In November 2014, the FASB issued Accounting Standards Update No. 2014-16, Derivatives and Hedging –
Determining Whether the Host Contract in a Hybrid Financial Instrument Issued in the Form of a Share Is More Akin to
Debt or to Equity (Subtopic 815-15) (“Update 2014-16”), which addressed diversity in practice related to the determination
of whether derivative features embedded in hybrid instruments issued in the form of a share should be bifurcated and
accounted for separately. For public entities, Update 2014-16 was effective for annual reporting periods beginning after
December 15, 2015 including interim periods within that reporting period.
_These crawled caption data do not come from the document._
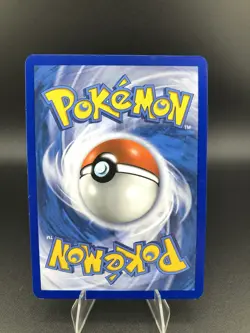 Pokemon Alolan Vulpix and Nine Tails Reverse Holo Card Set of 2 27/147 & 28/147 - Image 4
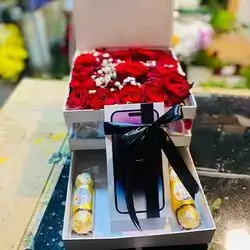 Gift Setup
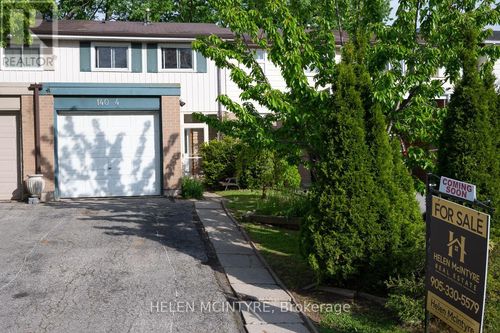 4-140 Ripley Crt, Oakville, ON, L6H1H1 | Card Image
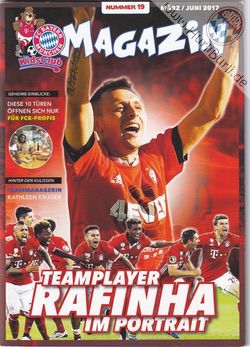 Kids Magazin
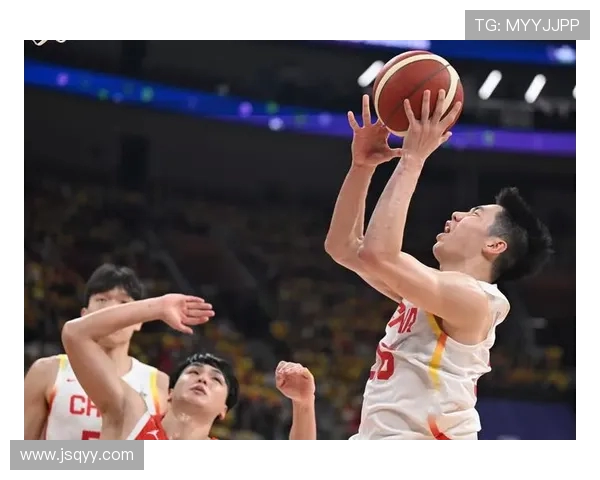 深圳篮球队节奏分析与表现评估探讨 深圳篮球队节奏分析与表现评估探讨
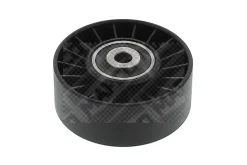 MAPCO Umlenk-/Führungsrolle, Keilrippenriemen 43860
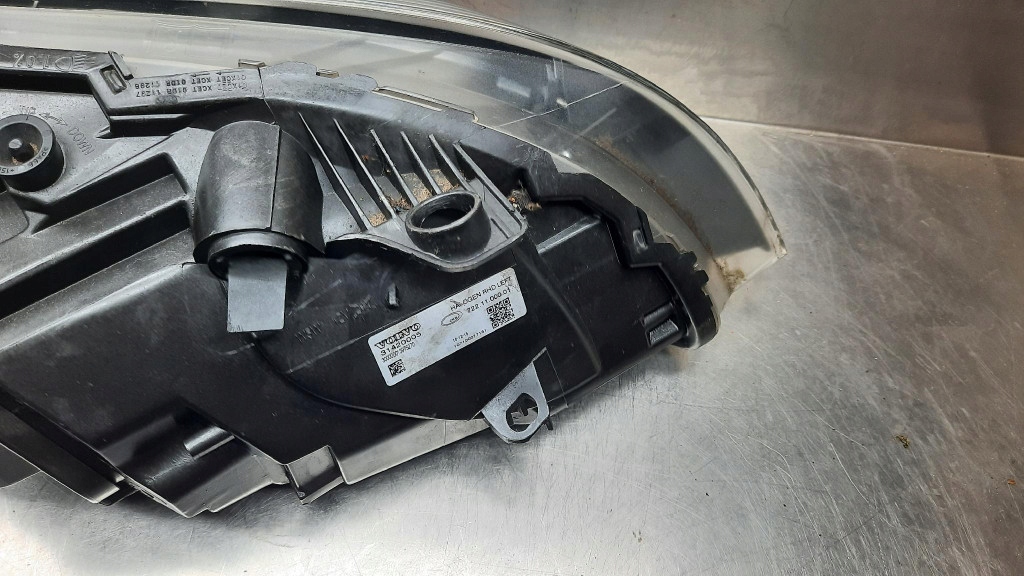 Frontscheinwerfer Volvo S40/S50/V40/V50 V40 31420005 LED Links Headlight - Thumbnail 8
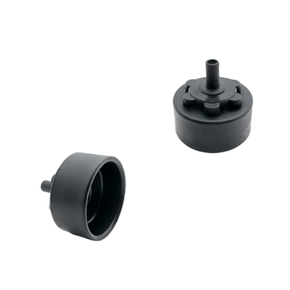 ducha de lavagem em pvc agropeperi ordenha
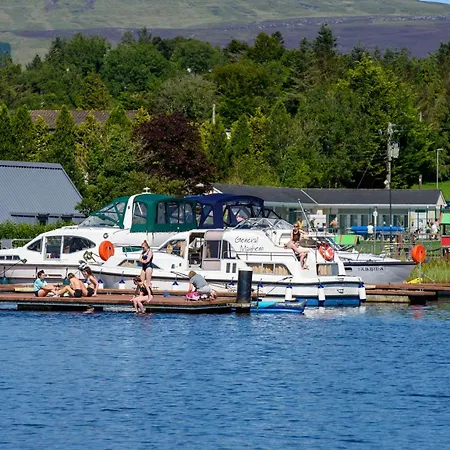 Dom wakacyjny Mcguire's Red Door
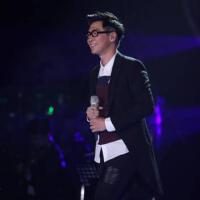 周華健、品冠個人資料介紹_個人檔案(生日/星座/歌曲/專輯/MV作品)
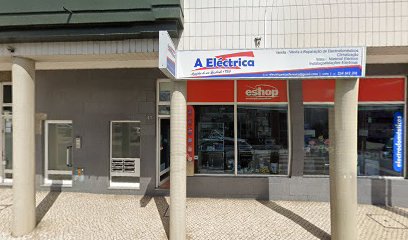 Loja de costura Arranjos & Costura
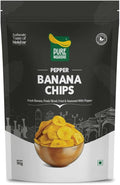 Malabar Delights Banana Pepper Chips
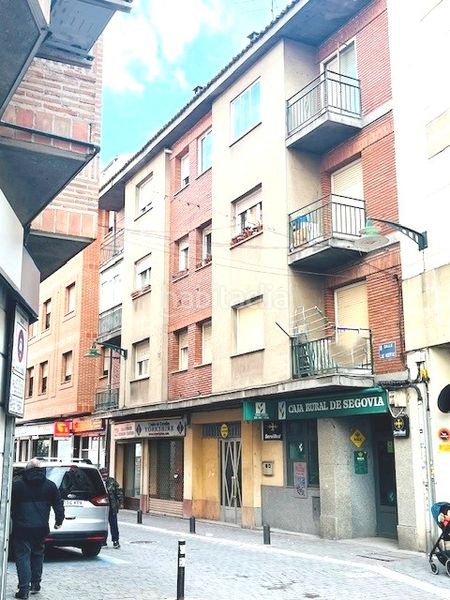 Foto 8792f057-3289-4d63-bd67-de0058dd83bb. Pis a calle chorretones 5 a Cuéllar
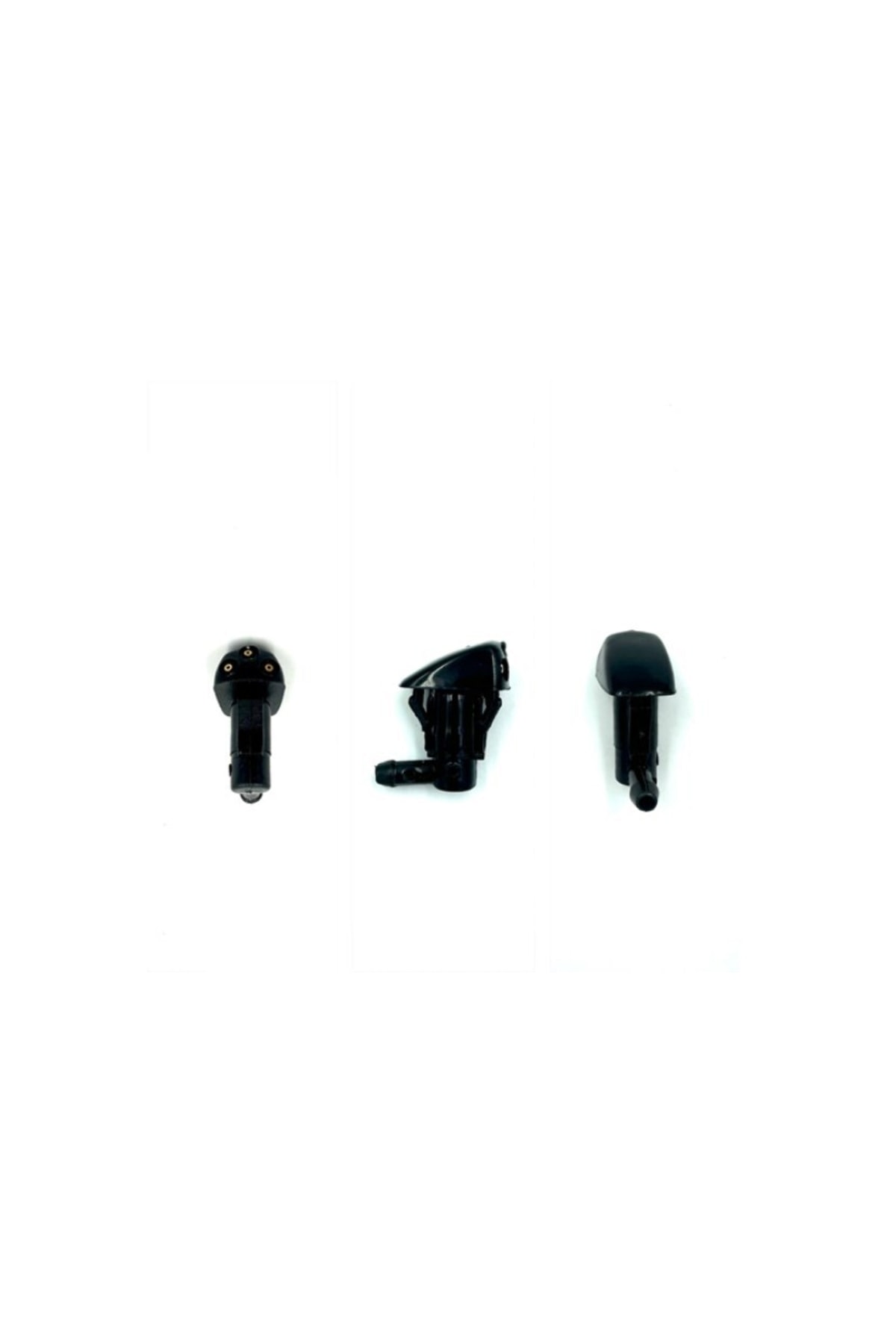 SANCARAUTO Cam Su Fiskiye Memesi Getz 2002-2011 Sağ/sol Takım 2 Adet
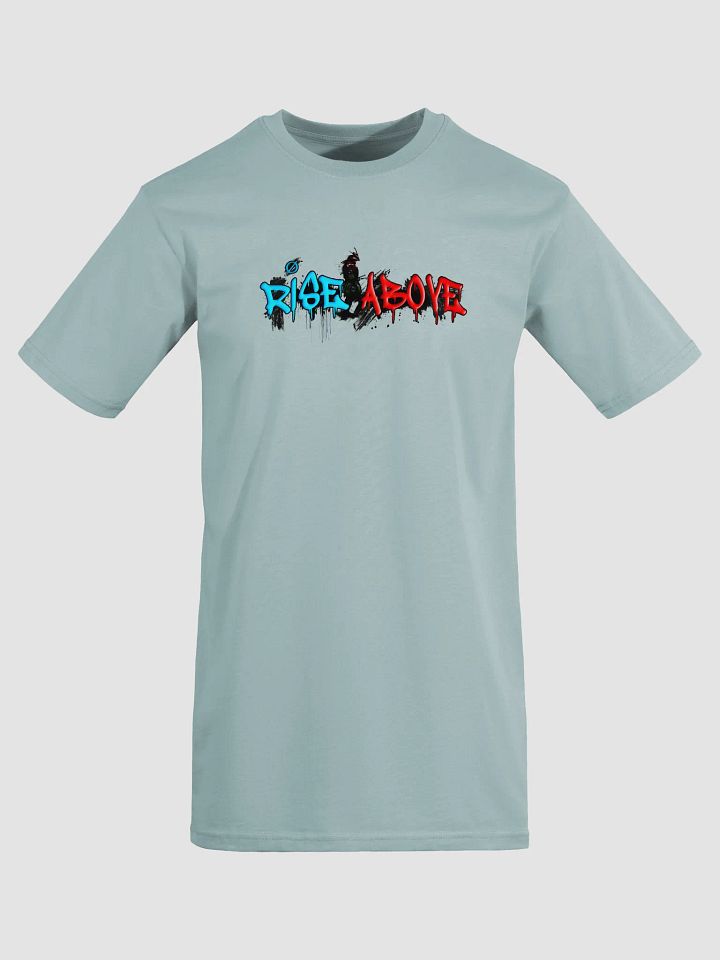 Men's Rise Above Heavy Tee product image (1)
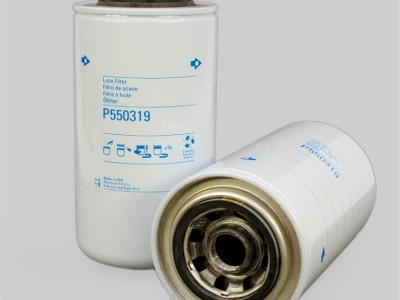 供应替代P550319 机油滤芯品质值得信赖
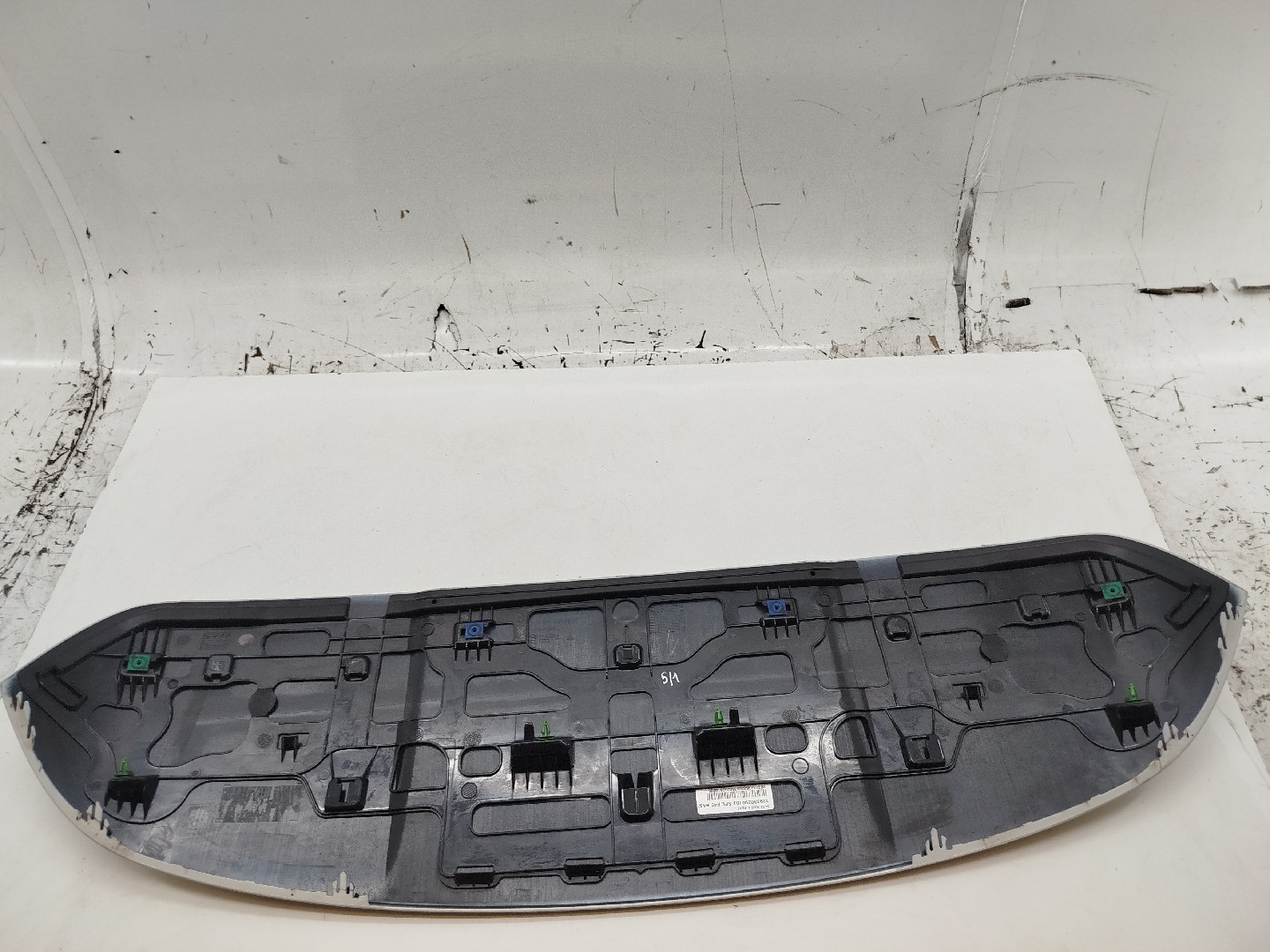 Aileron BMW 1 (F40) | 19 -  Imagem-3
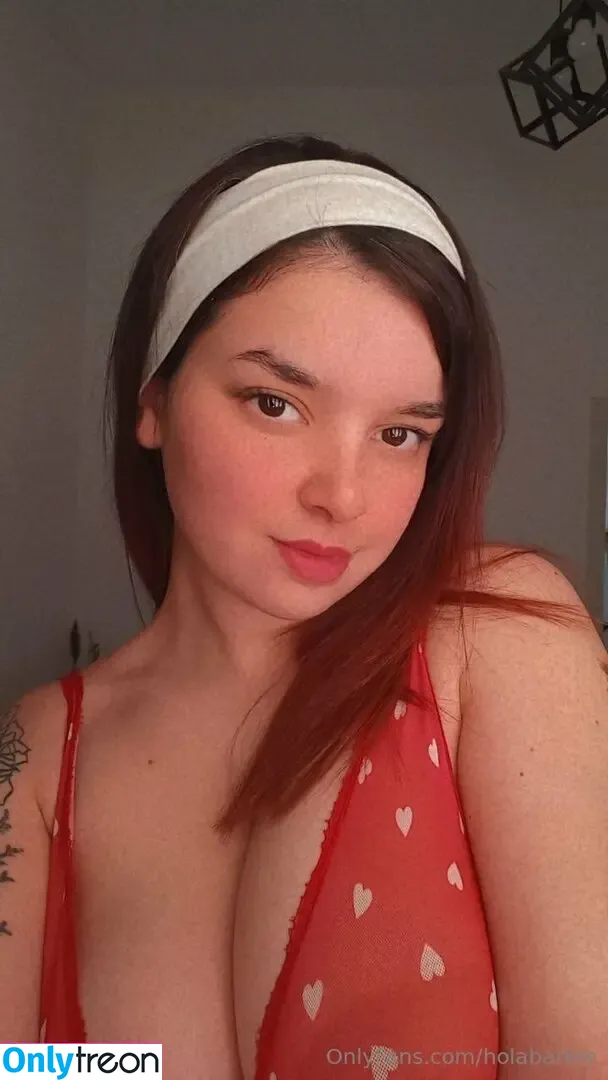 holabarbie nude photo #0028 (holabarbie)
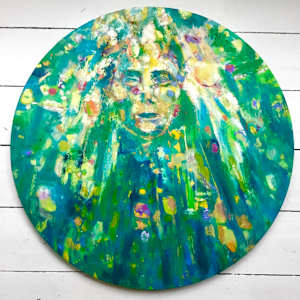 Sea Angel by Stephen Bishop 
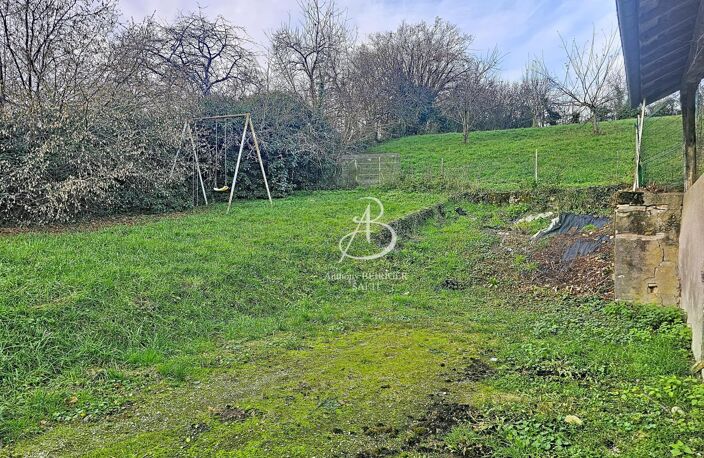 Terrain constructible axe NANCY / EPINAL — photo 2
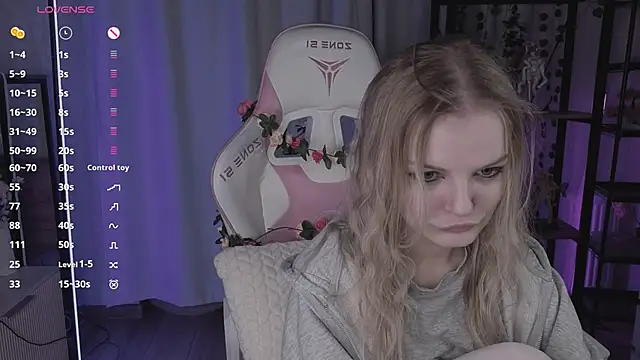 MicheleHonas online show from April 16, 4:19 pm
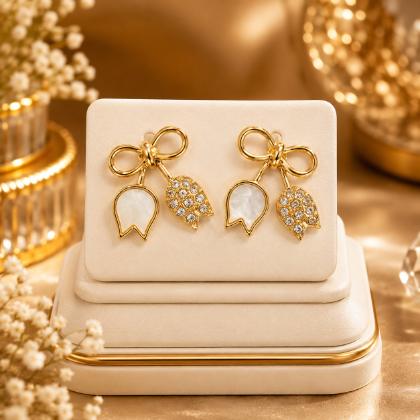 Fancy Earings (1pair)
The Company adopted this update in the first
quarter of 2016 resulting in no impact on its consolidated results of operations, financial position and cash flows.
In August 2014, the FASB issued Accounting Standards Update No. 2014-15, Disclosure of Uncertainties about an
Entity’s Ability to Continue as a Going Concern (Subtopic 205-40) (“Update 2014-15”), which requires management to
assess a company’s ability to continue as a going concern and to provide related footnote disclosures in certain circumstances.
For public entities, Update 2014-15 was effective for annual reporting periods ending after December 15, 2016. The
Company adopted this update in the first quarter of 2016 resulting in no impact on its consolidated results of operations,
financial position, cash flows and disclosures.
New Accounting Standards Not Yet Implemented in this Report
In August 2016, the FASB issued Accounting Standards Update No. 2016-15, Statement of Cash Flows (Topic 230)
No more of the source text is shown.